Persistent storage on Kubernetes

Understanding how persistent storage works in distributed systems

Ani Sinanaj
10 min readOct 13, 2019
Photo by Fredy Jacob on Unsplash

May contain references to the previous article.

Storage

So I told Kubernetes to deploy a php application that generates pdf files, stores the “generated” status on the database and then renders them. Then I also deployed a MySQL database. I said, I want 2 replicas of the php application and 1 of my database.

Now consider the php application generating a file, storing to the database the fact that it generated that particular file and then rendering it.

When I ask again for that pdf file but this time, I ask my other php container on the second Pod, the application will check the database which will tell it that the file has already been generated, but when php looks on the filesystem, it won’t find anything.

This issue is not easy to explain and you realise the gravity only when deploying an application and scaling it up.

The following example was extracted from this article.

To solve this, Kubernetes came up with something called CSI, Container Storage Interface.

This is a very simple and maybe unrealistic example, but the point here is that we need to design applications decoupling the logic from static files.
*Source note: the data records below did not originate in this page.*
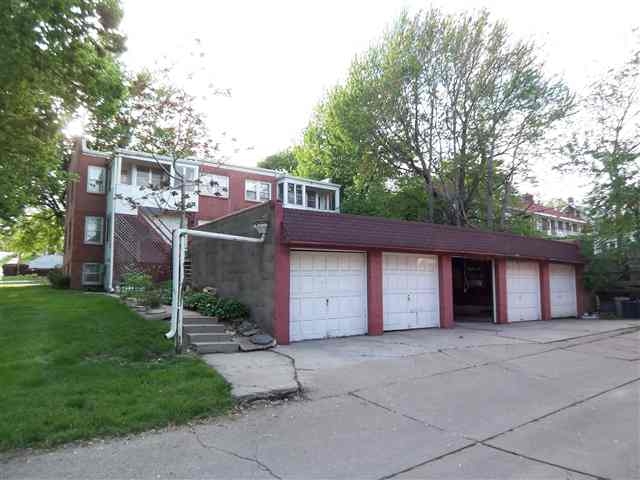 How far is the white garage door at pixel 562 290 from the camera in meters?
18.3

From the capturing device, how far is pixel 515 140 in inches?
815

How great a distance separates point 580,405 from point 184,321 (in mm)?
8109

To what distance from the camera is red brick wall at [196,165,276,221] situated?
23.3m

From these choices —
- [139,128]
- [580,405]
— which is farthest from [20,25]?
[580,405]

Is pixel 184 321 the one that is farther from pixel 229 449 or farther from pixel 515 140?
pixel 515 140

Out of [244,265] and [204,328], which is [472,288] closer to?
[244,265]

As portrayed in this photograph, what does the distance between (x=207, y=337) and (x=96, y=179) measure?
16505 mm

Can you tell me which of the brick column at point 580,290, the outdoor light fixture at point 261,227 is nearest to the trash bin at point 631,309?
the brick column at point 580,290

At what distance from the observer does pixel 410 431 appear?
504cm

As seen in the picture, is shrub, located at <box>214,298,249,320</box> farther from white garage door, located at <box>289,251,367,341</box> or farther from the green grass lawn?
the green grass lawn

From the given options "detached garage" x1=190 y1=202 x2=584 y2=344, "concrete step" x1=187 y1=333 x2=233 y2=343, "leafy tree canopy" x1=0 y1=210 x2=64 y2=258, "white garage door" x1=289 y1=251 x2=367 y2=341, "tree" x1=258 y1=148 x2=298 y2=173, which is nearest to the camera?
"concrete step" x1=187 y1=333 x2=233 y2=343

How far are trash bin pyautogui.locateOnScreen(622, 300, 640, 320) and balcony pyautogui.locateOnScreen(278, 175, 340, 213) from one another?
644 inches

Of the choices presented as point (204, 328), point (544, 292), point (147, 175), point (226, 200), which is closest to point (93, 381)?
point (204, 328)

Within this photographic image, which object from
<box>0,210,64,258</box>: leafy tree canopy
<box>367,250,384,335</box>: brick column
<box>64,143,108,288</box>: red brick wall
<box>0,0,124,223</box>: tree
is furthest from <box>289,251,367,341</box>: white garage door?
<box>0,210,64,258</box>: leafy tree canopy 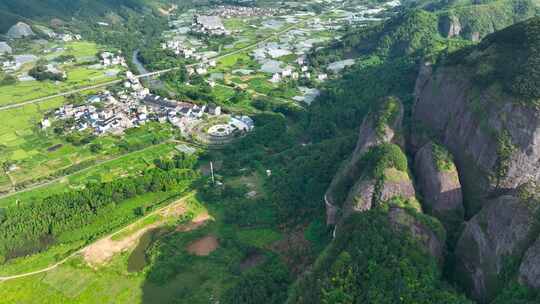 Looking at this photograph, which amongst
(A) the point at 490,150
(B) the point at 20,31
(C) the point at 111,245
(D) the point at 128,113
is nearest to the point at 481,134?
(A) the point at 490,150

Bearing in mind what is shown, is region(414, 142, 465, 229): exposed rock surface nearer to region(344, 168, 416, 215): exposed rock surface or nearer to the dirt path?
region(344, 168, 416, 215): exposed rock surface

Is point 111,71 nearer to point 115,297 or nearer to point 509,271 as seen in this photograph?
point 115,297

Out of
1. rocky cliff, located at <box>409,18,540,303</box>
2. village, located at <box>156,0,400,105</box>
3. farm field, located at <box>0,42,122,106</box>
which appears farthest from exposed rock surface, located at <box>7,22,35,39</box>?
rocky cliff, located at <box>409,18,540,303</box>

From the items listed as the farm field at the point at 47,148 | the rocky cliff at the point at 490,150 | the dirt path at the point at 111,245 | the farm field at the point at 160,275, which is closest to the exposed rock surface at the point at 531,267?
the rocky cliff at the point at 490,150

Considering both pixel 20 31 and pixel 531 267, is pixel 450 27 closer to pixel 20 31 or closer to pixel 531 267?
pixel 531 267

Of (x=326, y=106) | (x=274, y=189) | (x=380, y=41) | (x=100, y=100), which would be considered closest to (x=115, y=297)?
(x=274, y=189)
These files need to be saved on a shared space accessible by any of the possible replicas of the application.

Decoupling logic from static files is a clear example of how DevOps is a union between software developers and systems operations because you need to design the software in a particular way to be well suited for a scalable infrastructure.

Somewhat what we’ve figured out so far in terms of architecture. Storage is still a question mark.

To do this we need a shared storage, that all the worker nodes can access. The storage in Kubernetes is made of 2 parts. The Storage service which can be on its own or on the same servers the K8s cluster is put on, and the provisioner. The provisioner is a piece of software that respects the Container Storage Interface and is deployed to Kubernetes.

The provisioner handles the creation of Persistent Volumes and their deletion. Depending on the Storage service, you will have to deploy the right provisioner. Here you can find a number of official provisioners for some of the most common Storage services out there.

Adding a provisioner to the architecture

Checking out the different provisioners we can get an idea on what the options are for the Storage service. The choice depends on two factors mostly, where you’re deploying, and what you want to achieve.

Provisioners

Let’s analyse some of these provisioners (Some are described here as well).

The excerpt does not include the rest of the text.